** SUPPLIED INFORMATION follows **

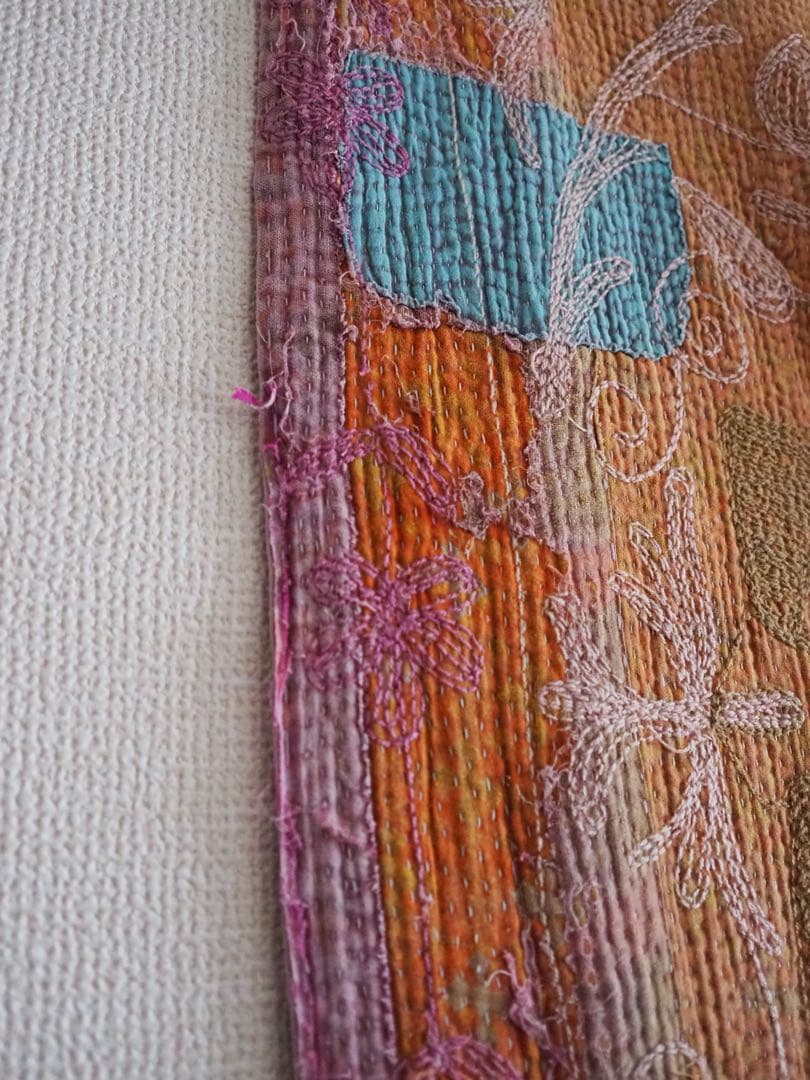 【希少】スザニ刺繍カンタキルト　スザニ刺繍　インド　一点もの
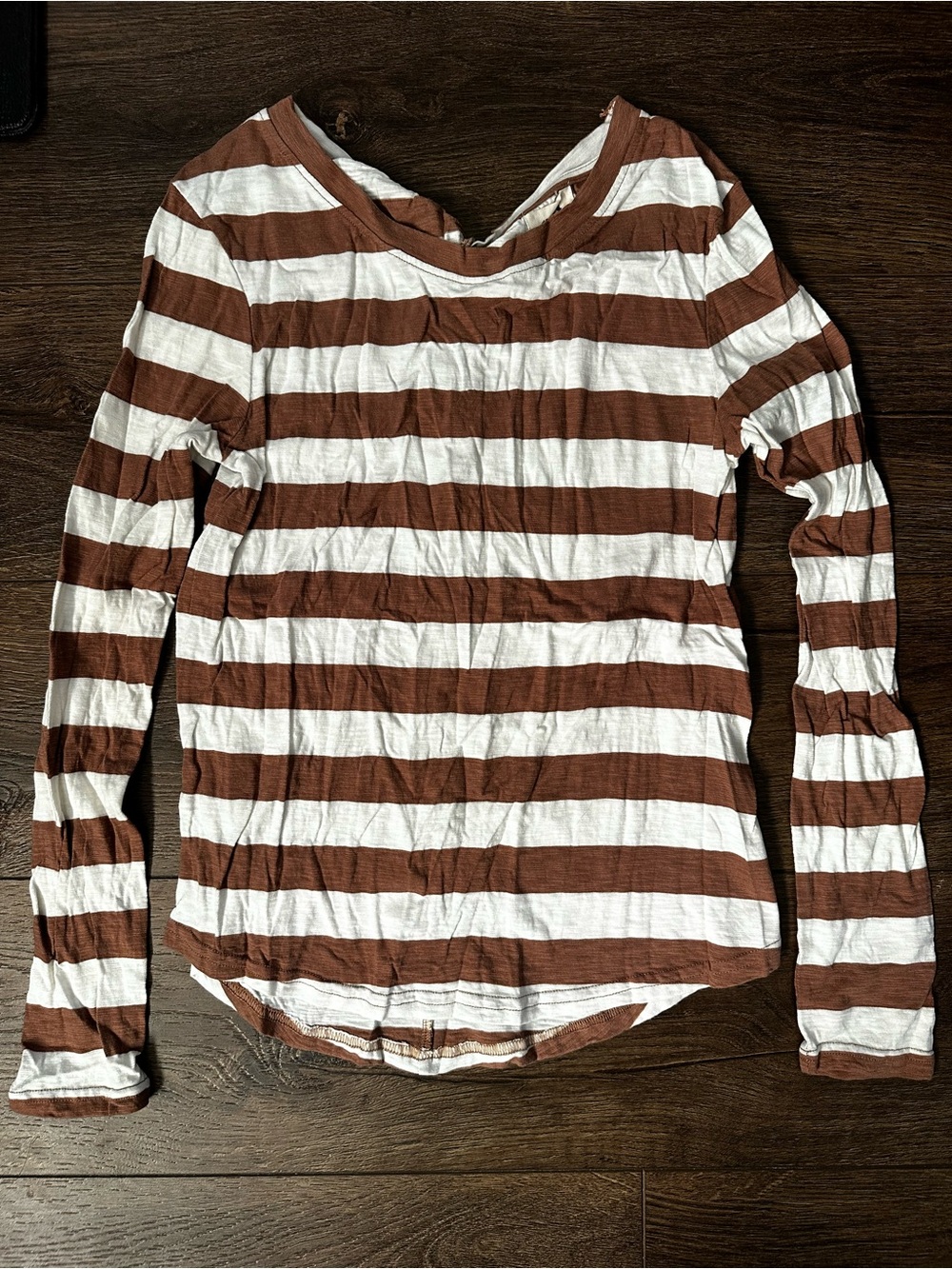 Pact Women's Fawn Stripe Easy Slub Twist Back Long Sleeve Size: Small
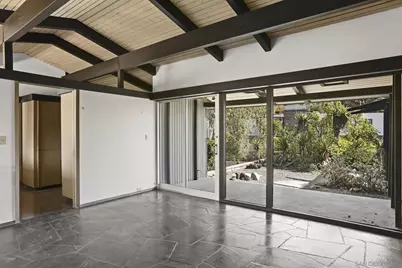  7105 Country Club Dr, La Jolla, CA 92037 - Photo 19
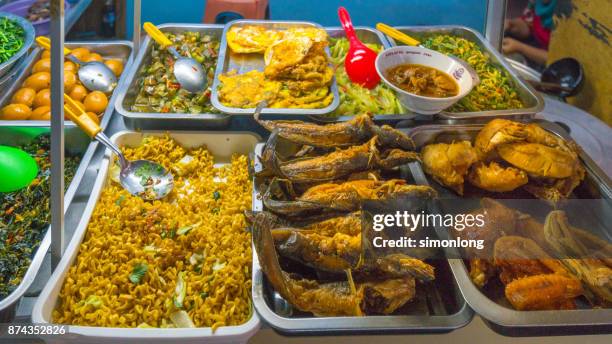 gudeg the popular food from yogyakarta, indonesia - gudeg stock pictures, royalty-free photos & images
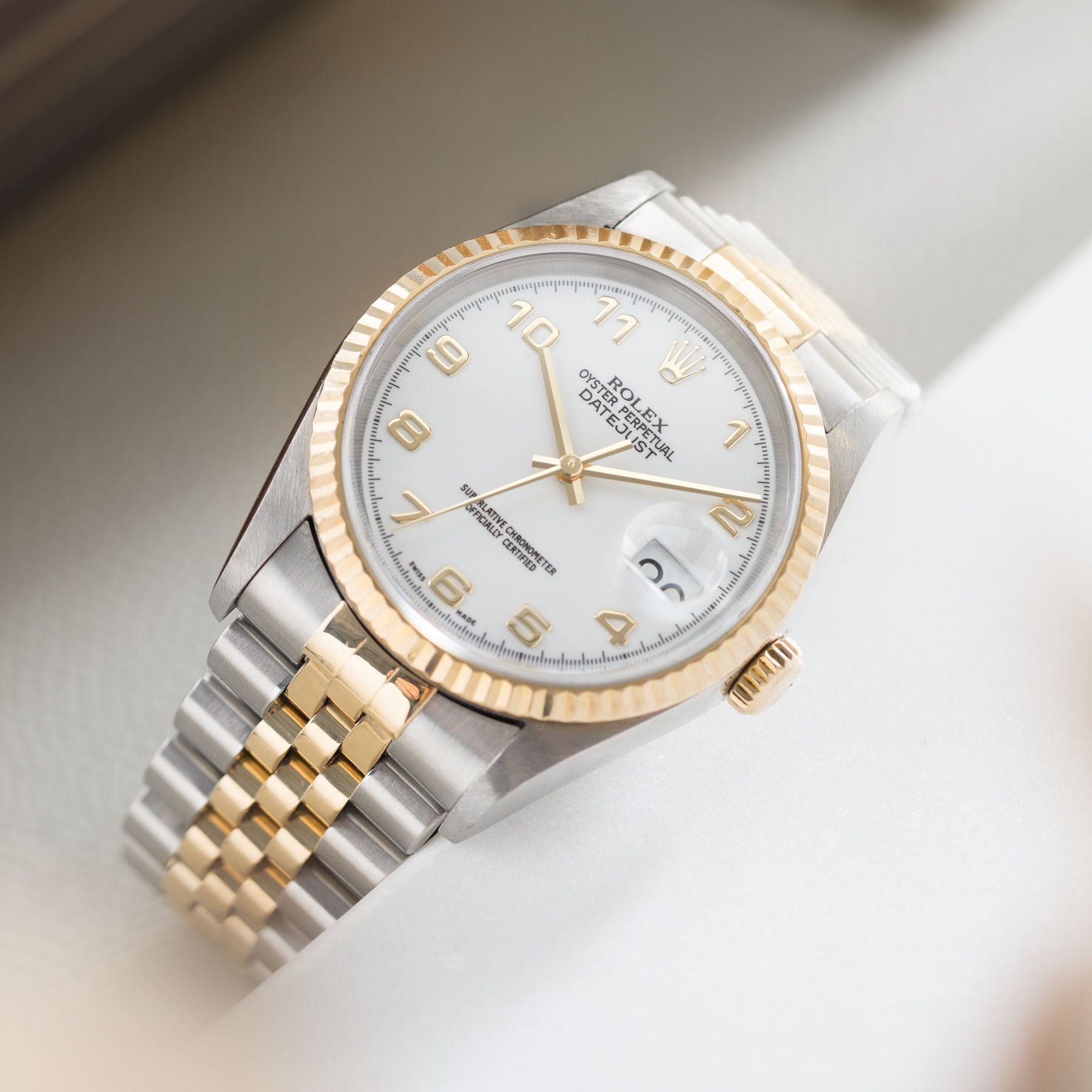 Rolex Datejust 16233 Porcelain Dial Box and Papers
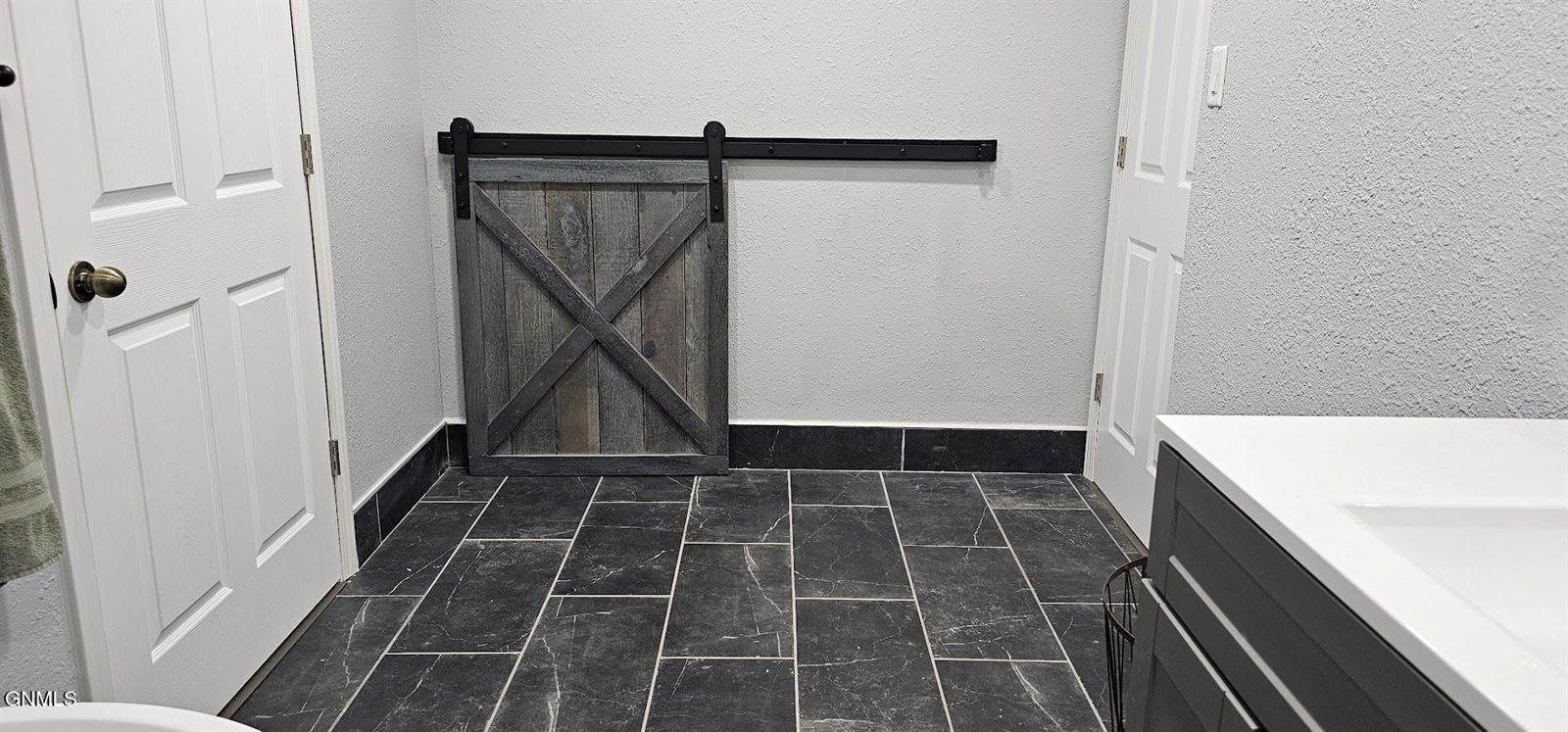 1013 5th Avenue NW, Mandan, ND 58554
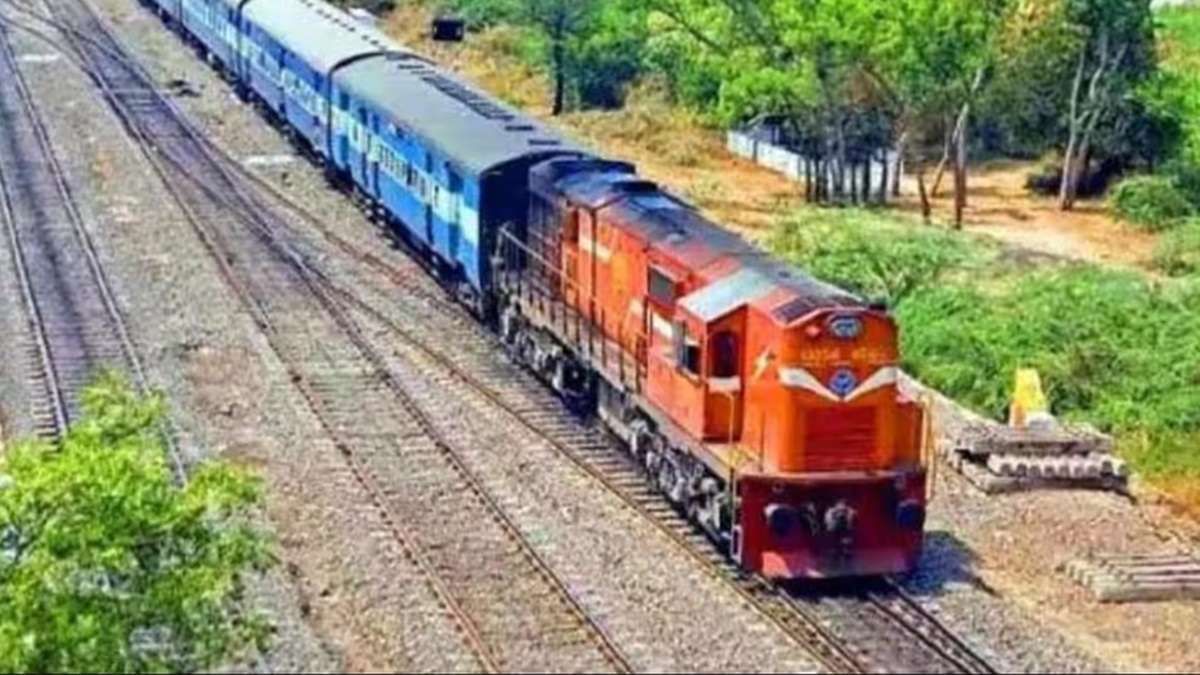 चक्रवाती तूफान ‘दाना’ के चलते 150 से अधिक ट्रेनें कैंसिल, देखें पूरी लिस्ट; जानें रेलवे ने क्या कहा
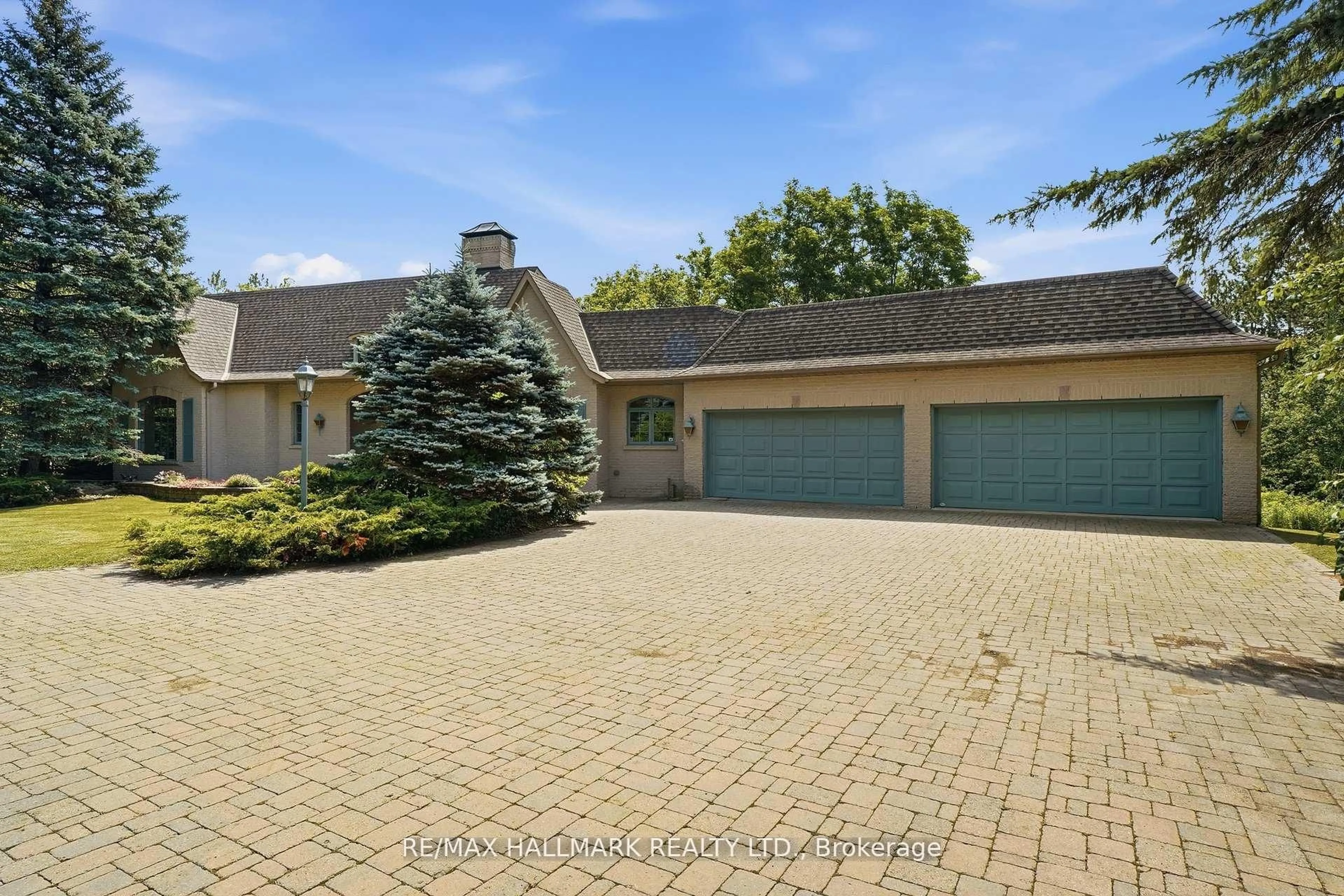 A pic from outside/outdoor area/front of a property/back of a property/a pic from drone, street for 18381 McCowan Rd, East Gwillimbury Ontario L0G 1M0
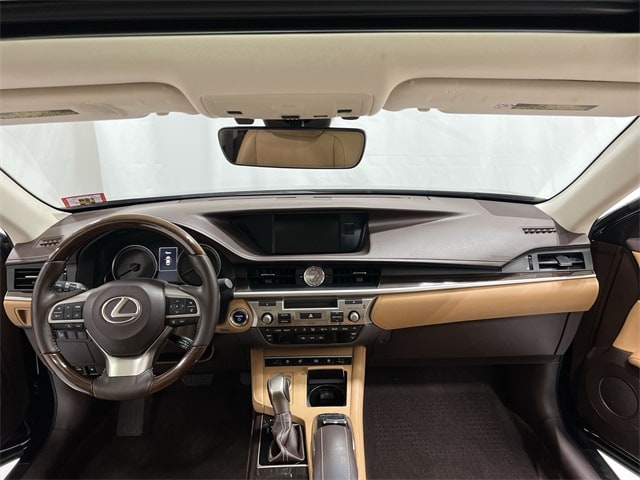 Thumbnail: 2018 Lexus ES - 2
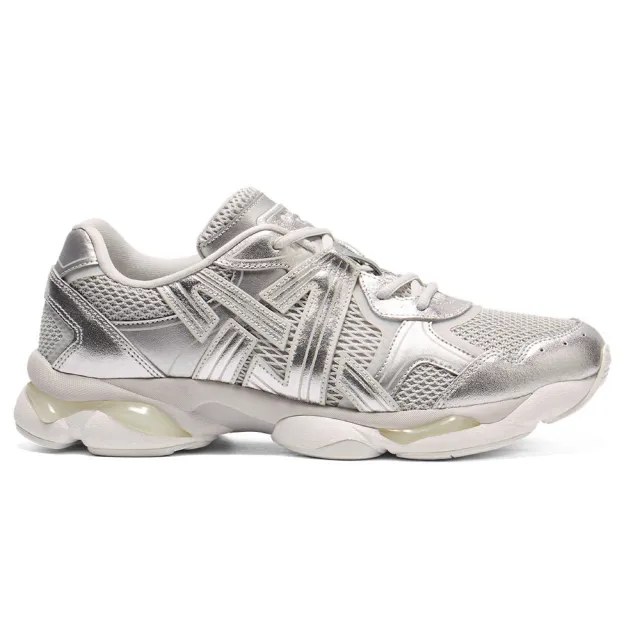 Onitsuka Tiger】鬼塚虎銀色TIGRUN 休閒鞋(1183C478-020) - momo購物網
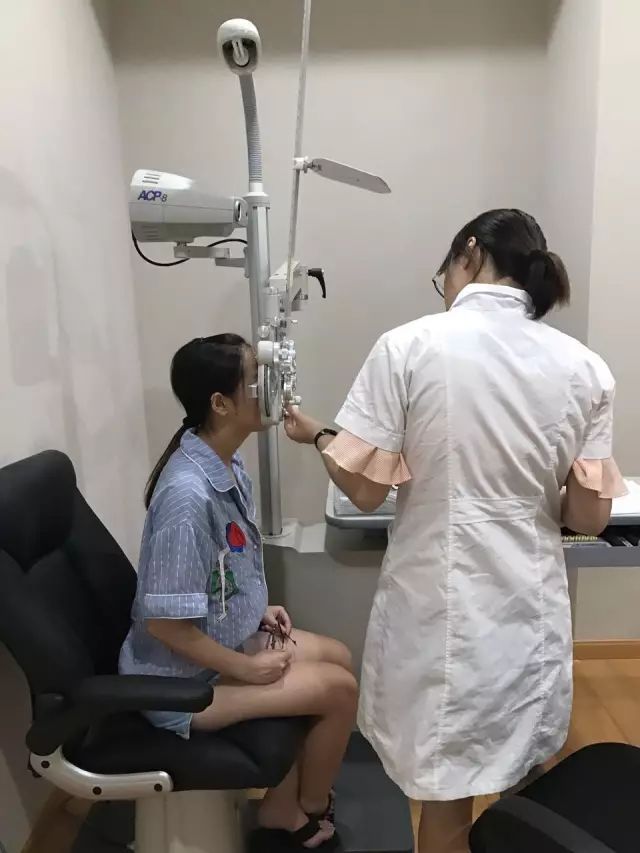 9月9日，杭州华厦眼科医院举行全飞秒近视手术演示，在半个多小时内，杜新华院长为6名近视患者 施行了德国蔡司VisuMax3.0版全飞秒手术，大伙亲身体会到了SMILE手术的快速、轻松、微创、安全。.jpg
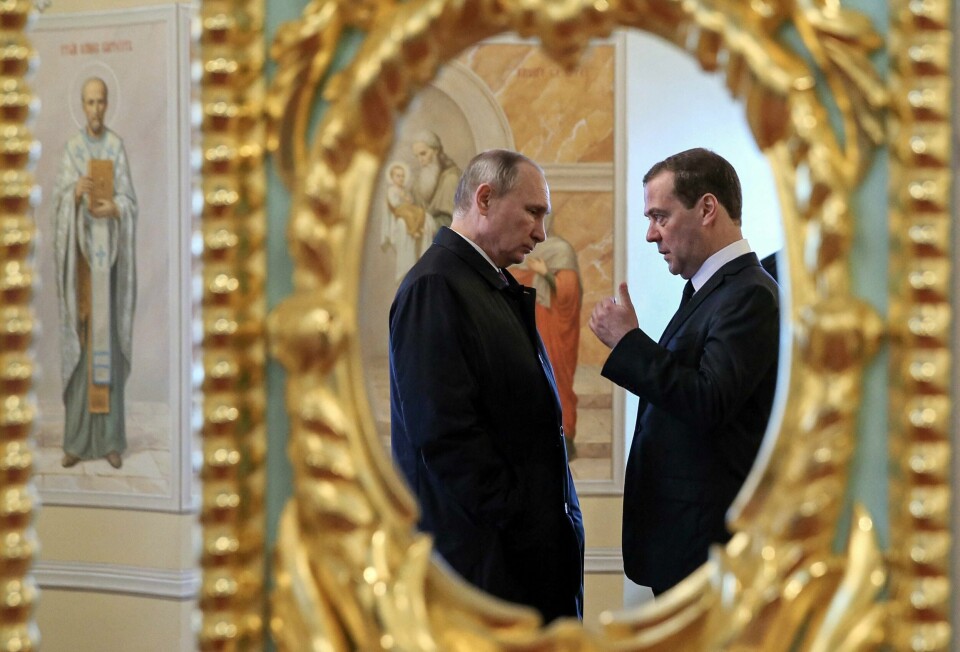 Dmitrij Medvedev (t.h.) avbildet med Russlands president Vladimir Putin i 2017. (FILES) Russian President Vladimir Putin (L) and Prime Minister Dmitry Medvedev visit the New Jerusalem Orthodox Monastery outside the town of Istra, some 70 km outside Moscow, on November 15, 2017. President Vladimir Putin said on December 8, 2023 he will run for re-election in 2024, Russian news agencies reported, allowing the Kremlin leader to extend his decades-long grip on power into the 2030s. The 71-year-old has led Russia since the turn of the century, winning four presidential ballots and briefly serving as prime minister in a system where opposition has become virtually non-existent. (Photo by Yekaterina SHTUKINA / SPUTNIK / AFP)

** End of SUPPLIED INFORMATION **

## WHAT IS REQUIRED:
Every line above between the one containing "Onitsuka Tiger】鬼塚虎銀色TIGRUN 休閒鞋(1183C478-020)" and the one containing "9月9日，杭州华厦眼科医", those two included, is to be printed exactly. No pictures go into the copy.

## ANSWER BELOW:
 Onitsuka Tiger】鬼塚虎銀色TIGRUN 休閒鞋(1183C478-020) - momo購物網
 9月9日，杭州华厦眼科医院举行全飞秒近视手术演示，在半个多小时内，杜新华院长为6名近视患者 施行了德国蔡司VisuMax3.0版全飞秒手术，大伙亲身体会到了SMILE手术的快速、轻松、微创、安全。.jpg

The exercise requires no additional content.